Large Software Projects: Collecting Logs
Posted on October 27, 2025 • 6 minutes • 1084 words • Other languages: Español
This post is part of my Large Software Projects blog series .
- Code Source
- Blog Focus: The Logs
- Pino and pino-loki
- Next.js Instrumentation: Initializing the logger
- Logger Demonstration
- loki Configuration
- Define loki Docker Service
- Grafana Dashboard Setup
- What’s Next?
Code Source
All code snippets shown in this post are available in the dedicated branch for this article on the project’s GitHub repository. Feel free to clone it and follow along:
https://github.com/franBec/tas/tree/feature/2025-10-27
Blog Focus: The Logs
We will focus on implementing logs collection:

Pino and pino-loki
- pino is a very low overhead JavaScript logger.
- pino-loki is a transport layer that takes the formatted logs and ships them directly to our running Loki instance.
To install them run pnpm add pino pino-loki.
Next.js Instrumentation: Initializing the logger
In the same src/instrumentation.ts where we declared the metric registry on the previous blog
, we will also initialize the logger and make it globally available using globalThis.metrics.

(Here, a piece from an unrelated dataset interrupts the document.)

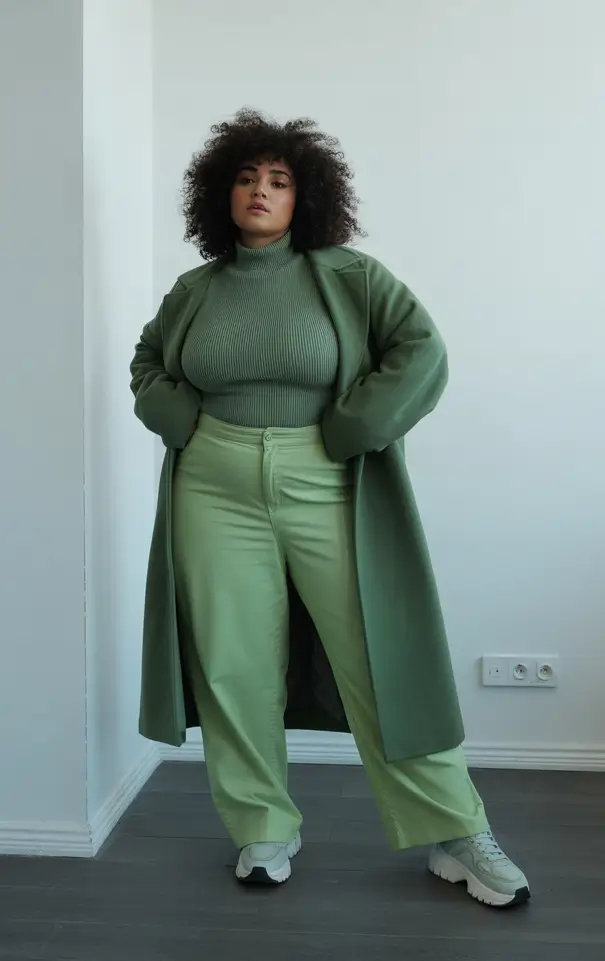 Winter Curvy Outfit Ideas 2025-2026 Green Monochrome Power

// Based of https://github.com/adityasinghcodes/nextjs-monitoring/blob/main/instrumentation.ts
// Node.js-specific imports are moved into dynamic imports within runtime checks
// Prevent Edge runtime from trying to import Node.js-specific modules
declare global {
var metrics:
| {
registry: any;
}
| undefined;
var logger: any | undefined;
}
export async function register() {
if (process.env.NEXT_RUNTIME === "nodejs") {
const { Registry, collectDefaultMetrics } = await import("prom-client");
const pino = (await import("pino")).default;
const pinoLoki = (await import("pino-loki")).default;
//Prom-client initialization
const prometheusRegistry = new Registry();
collectDefaultMetrics({
register: prometheusRegistry,
});
globalThis.metrics = {
registry: prometheusRegistry,
};
//logger initialization
globalThis.logger = pino(
pinoLoki({
host: "http://localhost:3100", // Connects to the loki container via localhost:3100
batching: true,
interval: 5,
labels: { app: "next-app" }, // Crucial label for querying in Grafana
})
);
}
}
Logger Demonstration
Now that the logger is initialized globally, let’s create two simple API routes to demonstrate successful logging and error logging. We ensure these routes explicitly use the nodejs runtime to guarantee access to the instrumentation setup.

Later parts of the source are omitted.